# Analyzing CIA Factbook Data Using SQL

The CIA World Factbook collects statistics about all counteries on Earth,
the original data can be found [here](https://www.cia.gov/library/publications/the-world-factbook/). <br>
Data is public and in the free domain, all informations about copyright can be found [here](https://www.cia.gov/library/publications/the-world-factbook/docs/contributor_copyright.html)

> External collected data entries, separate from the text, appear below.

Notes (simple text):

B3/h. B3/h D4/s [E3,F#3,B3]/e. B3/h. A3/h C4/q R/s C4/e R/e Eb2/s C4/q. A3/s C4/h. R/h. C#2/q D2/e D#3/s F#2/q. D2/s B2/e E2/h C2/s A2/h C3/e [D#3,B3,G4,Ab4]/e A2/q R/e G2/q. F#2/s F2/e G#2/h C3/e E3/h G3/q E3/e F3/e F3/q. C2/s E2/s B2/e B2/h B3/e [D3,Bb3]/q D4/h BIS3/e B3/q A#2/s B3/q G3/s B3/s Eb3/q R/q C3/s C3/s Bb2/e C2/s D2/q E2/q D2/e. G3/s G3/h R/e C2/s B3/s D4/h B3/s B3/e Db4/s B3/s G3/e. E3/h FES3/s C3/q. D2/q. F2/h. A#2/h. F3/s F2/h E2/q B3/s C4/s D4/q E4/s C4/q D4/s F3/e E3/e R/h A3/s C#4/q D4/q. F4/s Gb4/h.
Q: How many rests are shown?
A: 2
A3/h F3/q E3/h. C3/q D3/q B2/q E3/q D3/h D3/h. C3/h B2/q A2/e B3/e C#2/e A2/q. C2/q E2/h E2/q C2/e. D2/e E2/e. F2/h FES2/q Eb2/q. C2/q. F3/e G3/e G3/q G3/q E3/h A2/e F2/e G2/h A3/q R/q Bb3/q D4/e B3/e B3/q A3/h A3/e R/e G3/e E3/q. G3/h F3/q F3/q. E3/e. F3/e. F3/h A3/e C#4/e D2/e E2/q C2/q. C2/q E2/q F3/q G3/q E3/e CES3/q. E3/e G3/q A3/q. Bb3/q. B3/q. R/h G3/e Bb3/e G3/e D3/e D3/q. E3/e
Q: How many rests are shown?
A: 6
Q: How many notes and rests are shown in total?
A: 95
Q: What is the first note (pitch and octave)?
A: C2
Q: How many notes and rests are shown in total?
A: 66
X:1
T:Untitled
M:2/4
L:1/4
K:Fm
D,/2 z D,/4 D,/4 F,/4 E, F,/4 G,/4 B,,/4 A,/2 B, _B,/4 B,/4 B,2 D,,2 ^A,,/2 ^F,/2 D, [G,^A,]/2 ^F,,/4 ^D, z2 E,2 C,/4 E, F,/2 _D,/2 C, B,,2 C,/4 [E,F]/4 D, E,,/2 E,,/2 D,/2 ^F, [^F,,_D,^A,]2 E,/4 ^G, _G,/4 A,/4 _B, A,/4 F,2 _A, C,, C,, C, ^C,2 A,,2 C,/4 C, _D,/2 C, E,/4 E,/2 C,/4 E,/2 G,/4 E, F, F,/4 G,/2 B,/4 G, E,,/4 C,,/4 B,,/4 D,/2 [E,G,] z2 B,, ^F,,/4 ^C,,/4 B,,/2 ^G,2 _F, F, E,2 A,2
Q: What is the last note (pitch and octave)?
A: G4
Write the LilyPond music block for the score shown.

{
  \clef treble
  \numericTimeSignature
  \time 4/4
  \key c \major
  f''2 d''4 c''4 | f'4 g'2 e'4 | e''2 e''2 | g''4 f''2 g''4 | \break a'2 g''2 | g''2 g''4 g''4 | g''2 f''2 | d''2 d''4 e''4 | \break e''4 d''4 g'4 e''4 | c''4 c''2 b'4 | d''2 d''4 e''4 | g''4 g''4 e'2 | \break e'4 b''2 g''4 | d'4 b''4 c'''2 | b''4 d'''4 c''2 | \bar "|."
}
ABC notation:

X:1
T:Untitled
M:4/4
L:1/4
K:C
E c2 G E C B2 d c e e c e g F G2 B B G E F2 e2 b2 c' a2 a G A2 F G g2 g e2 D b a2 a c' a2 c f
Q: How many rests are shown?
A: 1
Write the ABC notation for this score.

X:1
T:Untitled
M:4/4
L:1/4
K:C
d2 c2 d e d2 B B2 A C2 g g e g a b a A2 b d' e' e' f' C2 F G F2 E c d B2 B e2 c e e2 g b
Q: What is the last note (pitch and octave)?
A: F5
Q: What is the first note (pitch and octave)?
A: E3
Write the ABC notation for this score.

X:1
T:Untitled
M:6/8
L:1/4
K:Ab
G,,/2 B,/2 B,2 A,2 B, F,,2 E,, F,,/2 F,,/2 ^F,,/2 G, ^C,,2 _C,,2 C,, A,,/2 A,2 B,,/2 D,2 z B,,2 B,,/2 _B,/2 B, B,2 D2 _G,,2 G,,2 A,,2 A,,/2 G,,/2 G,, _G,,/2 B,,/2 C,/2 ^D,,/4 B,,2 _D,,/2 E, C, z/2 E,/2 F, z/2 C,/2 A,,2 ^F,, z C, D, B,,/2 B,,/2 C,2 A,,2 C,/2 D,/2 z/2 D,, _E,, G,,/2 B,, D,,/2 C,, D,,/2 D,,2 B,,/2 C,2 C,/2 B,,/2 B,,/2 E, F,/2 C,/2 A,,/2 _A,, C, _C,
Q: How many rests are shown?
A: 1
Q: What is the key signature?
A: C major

This notebook will analyze the factbook.db, using SQL.

In [11]:
%%capture
%load_ext sql
%sql sqlite:///factbook.db

Let's see the name of the table or table in our database.

In [12]:
%%sql
SELECT * FROM sqlite_master WHERE type='table';

 * sqlite:///factbook.db
Done.


type,name,tbl_name,rootpage,sql
table,sqlite_sequence,sqlite_sequence,3,"CREATE TABLE sqlite_sequence(name,seq)"
table,facts,facts,47,"CREATE TABLE ""facts"" (""id"" INTEGER PRIMARY KEY AUTOINCREMENT NOT NULL, ""code"" varchar(255) NOT NULL, ""name"" varchar(255) NOT NULL, ""area"" integer, ""area_land"" integer, ""area_water"" integer, ""population"" integer, ""population_growth"" float, ""birth_rate"" float, ""death_rate"" float, ""migration_rate"" float)"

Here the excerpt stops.